Em 1933, veio residir em
Itatiaia devido a conjuntura política nacional e também para dirigir
os negócios dos Maias, pois a Farmácia Campo Belo terminara de ser
incorporada à Firma, Irmãos Maia da qual era sócio com os irmãos
Oscar e Sebastião.Período em que passou a escrever pra o jornal “ O
Campobellense”, sendo seu redator-chefe (1938).
A partir de 1941, Reynaldo
passou a fazer parte do Instituto Genealógico Brasileiro, como
sócio-contribuinte.

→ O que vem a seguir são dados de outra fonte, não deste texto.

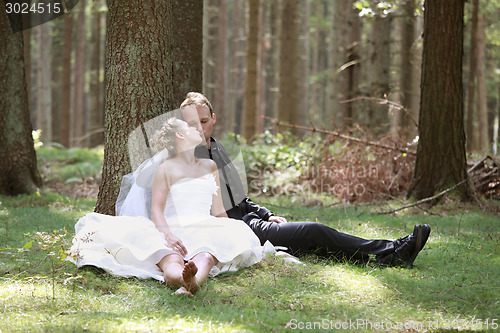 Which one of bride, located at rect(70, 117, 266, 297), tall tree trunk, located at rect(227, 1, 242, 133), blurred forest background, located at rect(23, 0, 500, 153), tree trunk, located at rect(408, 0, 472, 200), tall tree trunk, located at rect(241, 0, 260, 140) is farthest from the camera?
tall tree trunk, located at rect(227, 1, 242, 133)

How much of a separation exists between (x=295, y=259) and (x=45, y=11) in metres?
9.10

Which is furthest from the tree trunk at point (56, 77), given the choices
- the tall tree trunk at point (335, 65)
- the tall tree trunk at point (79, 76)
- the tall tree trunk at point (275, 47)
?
the tall tree trunk at point (335, 65)

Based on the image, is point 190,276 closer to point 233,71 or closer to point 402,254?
point 402,254

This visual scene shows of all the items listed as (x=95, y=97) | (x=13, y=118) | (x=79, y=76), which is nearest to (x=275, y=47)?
(x=95, y=97)

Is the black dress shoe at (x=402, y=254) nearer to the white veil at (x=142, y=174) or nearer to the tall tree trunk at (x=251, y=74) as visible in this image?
the white veil at (x=142, y=174)

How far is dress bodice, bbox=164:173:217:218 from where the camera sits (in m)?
4.62

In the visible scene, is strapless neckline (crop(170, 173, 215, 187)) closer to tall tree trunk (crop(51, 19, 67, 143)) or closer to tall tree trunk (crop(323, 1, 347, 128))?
tall tree trunk (crop(323, 1, 347, 128))

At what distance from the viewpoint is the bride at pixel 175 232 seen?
418cm

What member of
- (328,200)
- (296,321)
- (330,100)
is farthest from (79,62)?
(296,321)

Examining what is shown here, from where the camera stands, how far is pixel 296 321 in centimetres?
337

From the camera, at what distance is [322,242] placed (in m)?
4.83

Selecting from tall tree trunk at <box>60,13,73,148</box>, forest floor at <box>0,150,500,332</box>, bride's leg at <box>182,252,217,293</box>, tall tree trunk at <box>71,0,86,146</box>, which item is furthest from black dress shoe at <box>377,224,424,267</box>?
tall tree trunk at <box>71,0,86,146</box>

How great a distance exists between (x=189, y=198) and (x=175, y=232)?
36cm

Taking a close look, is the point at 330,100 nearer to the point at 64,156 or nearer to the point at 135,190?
the point at 64,156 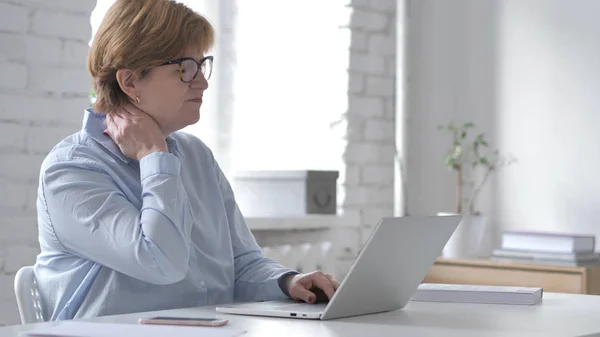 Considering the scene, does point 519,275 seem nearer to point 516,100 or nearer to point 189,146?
point 516,100

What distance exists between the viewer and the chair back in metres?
1.83

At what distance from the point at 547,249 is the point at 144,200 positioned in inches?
75.6

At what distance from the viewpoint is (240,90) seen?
3777 millimetres

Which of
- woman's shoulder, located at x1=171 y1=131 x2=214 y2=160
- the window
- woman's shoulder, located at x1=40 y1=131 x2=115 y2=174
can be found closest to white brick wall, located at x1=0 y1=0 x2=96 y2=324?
woman's shoulder, located at x1=171 y1=131 x2=214 y2=160

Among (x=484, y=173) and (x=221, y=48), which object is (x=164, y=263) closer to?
(x=221, y=48)

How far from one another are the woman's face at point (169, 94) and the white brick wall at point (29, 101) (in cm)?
75

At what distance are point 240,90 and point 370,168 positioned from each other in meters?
0.60

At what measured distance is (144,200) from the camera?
1848 millimetres

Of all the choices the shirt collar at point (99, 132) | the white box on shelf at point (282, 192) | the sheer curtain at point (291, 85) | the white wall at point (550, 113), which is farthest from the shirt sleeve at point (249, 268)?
the white wall at point (550, 113)

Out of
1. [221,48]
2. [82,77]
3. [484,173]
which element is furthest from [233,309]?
[484,173]

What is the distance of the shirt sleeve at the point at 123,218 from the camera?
1778 mm

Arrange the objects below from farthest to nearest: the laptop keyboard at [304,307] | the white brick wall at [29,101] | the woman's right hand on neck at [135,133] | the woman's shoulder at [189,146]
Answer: the white brick wall at [29,101], the woman's shoulder at [189,146], the woman's right hand on neck at [135,133], the laptop keyboard at [304,307]

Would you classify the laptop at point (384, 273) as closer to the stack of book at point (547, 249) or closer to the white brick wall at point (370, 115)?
the stack of book at point (547, 249)

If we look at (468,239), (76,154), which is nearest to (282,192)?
(468,239) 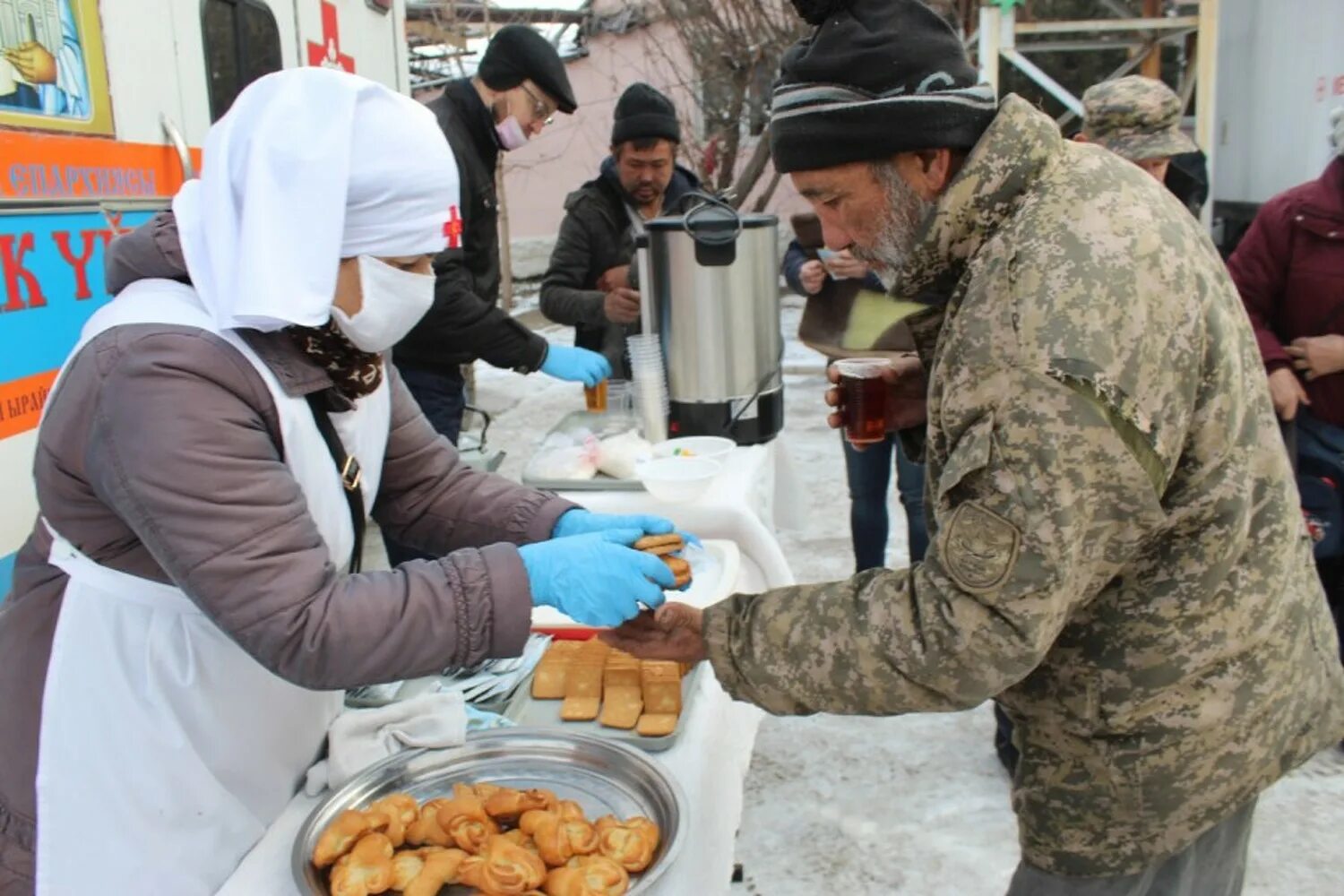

Em seu livro “História de São José do Barreiro”
refere-se ao instituto: “Só o Instituto Genealógico Brasileiro com a
cooperação dos Governos da União, dos Estados e dos Municípios
poderão salvar os arquivos, tesouros inestimáveis e quase todos sem
o carinho que merecem. É isso, uns dos grandes problemas do Brasil.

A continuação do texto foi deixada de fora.